Un film de Mario Bava où figure Boris Karloff ! Voilà à n'en pas douter une rencontre qui s'imposait.
Permettez-moi, ami Arca d'un peu doucher votre enthousiasme et de vous prier de mettre une sourdine au péan triomphant que vous avez entonné ! Amateur moi-même de Mario Bava et des histoires épouvantables, je me suis installé hier devant mon écran en pensant retrouver sinon l'effrayante esthétique du Masque du Démon ou la grandiose outrance de La baie sanglante, mais quelque chose de bien propre à me placer dans une heureuse catalepsie horrifique…
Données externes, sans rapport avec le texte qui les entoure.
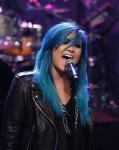 Demi Lovato Debuts New Blue Hair While Performing 'Neon Lights' on Jay Leno's Show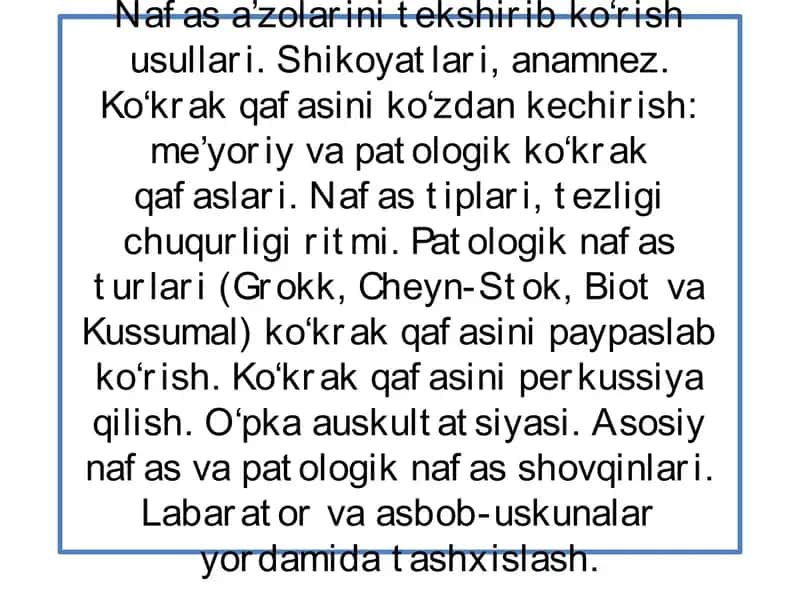 Nafasa’zolari tekshirish usullari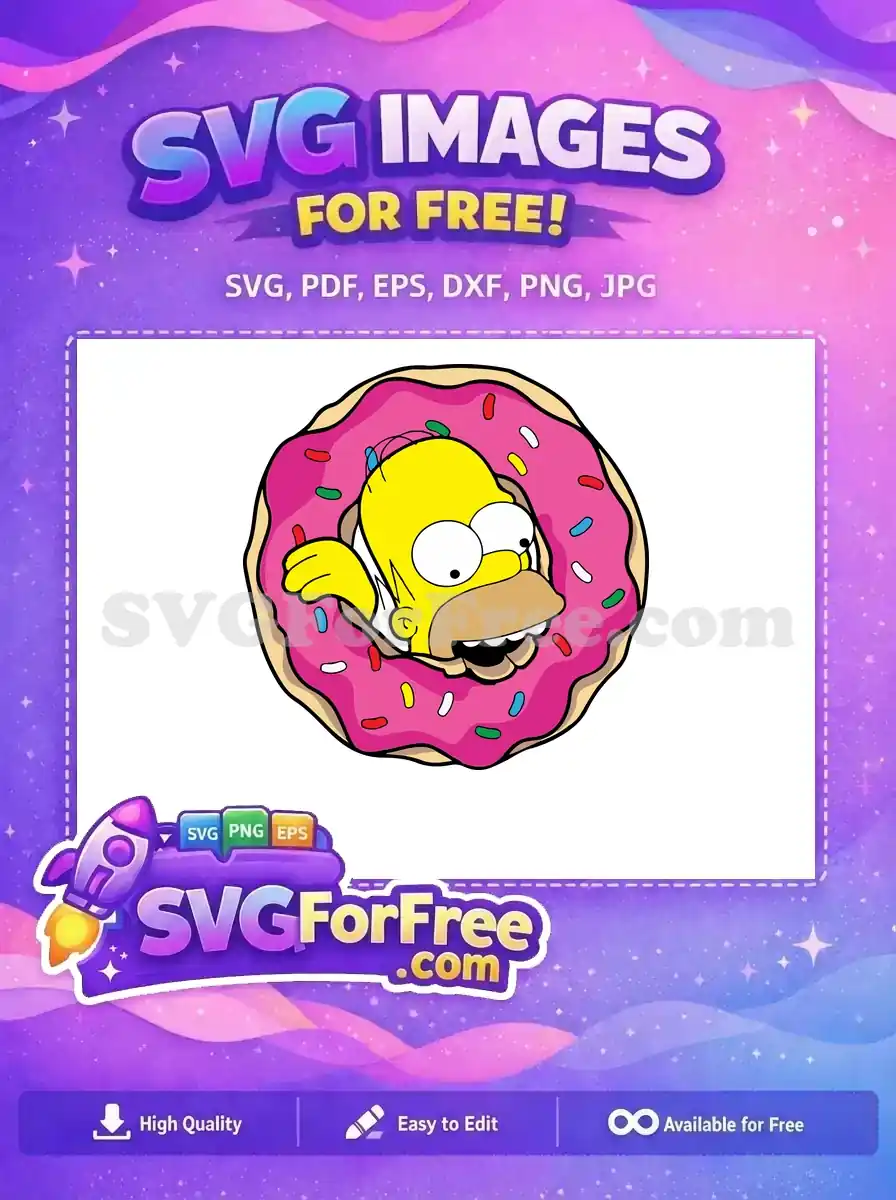 Free Homer Simpson Donut Free Pink Sprinkles Simpsons Free SVG 2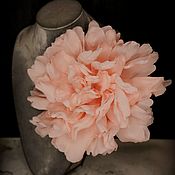 SILK FLOWERS. Chiffon and Silk Rose Brooch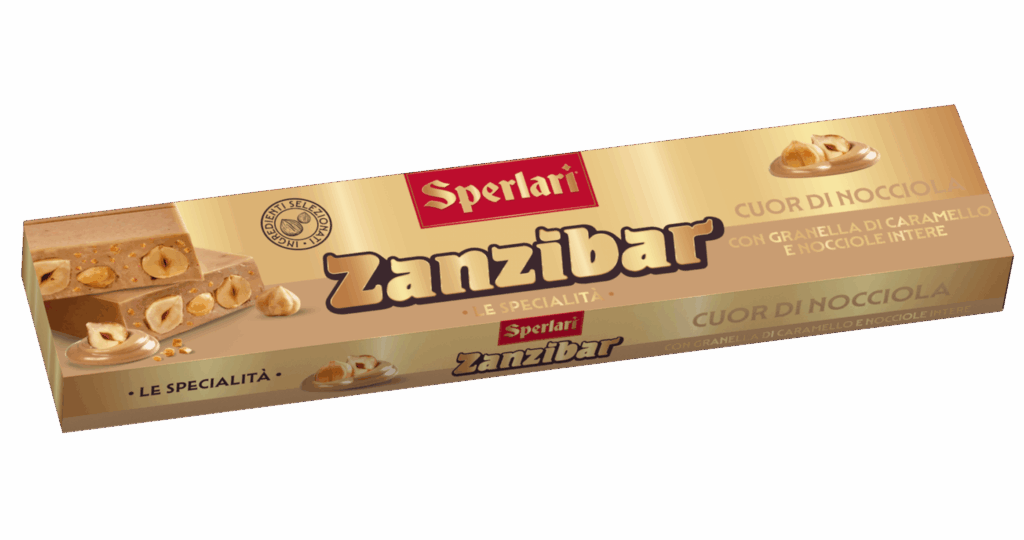 Il nocciolato Zanzibar unisce il gusto avvolgente del cioccolato gianduia o fondente alla croccantezza delle nocciole intere e della frutta secca.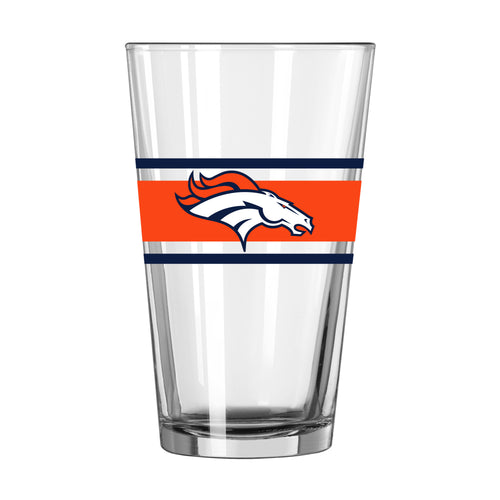 Denver Broncos 16oz stripe pint glass featuring team logo, perfect for NFL fans and collectible drinkware.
Bon. J'ai vu ; ce n'est pas mauvais, et il y a même pas mal de petites choses très bien. Cela étant, c'est loin d'être du grand Bava et ça stagne comme un petit film facile de samedi soir, pour un public bon enfant.Dût la chose vous décevoir, ne comptez pas trop sur la présence de Boris Karloff, qui n'accomplit là qu'une pige honorable – qu'on espère avoir été convenablement rémunérée – en présentant, dans un très bref prologue les trois histoires qui composent le film, en ricanant sardoniquement à l'épilogue et – tout de même ! – en jouant, de façon un peu ostentatoire, le patriarche vampire du deuxième segment.
Car, le titre du film le dit assez, il s'agit là de trois histoires qui n'ont entre elles aucun rapport, et qui n'appartiennent pas, non plus, à la même famille des récits de terreur.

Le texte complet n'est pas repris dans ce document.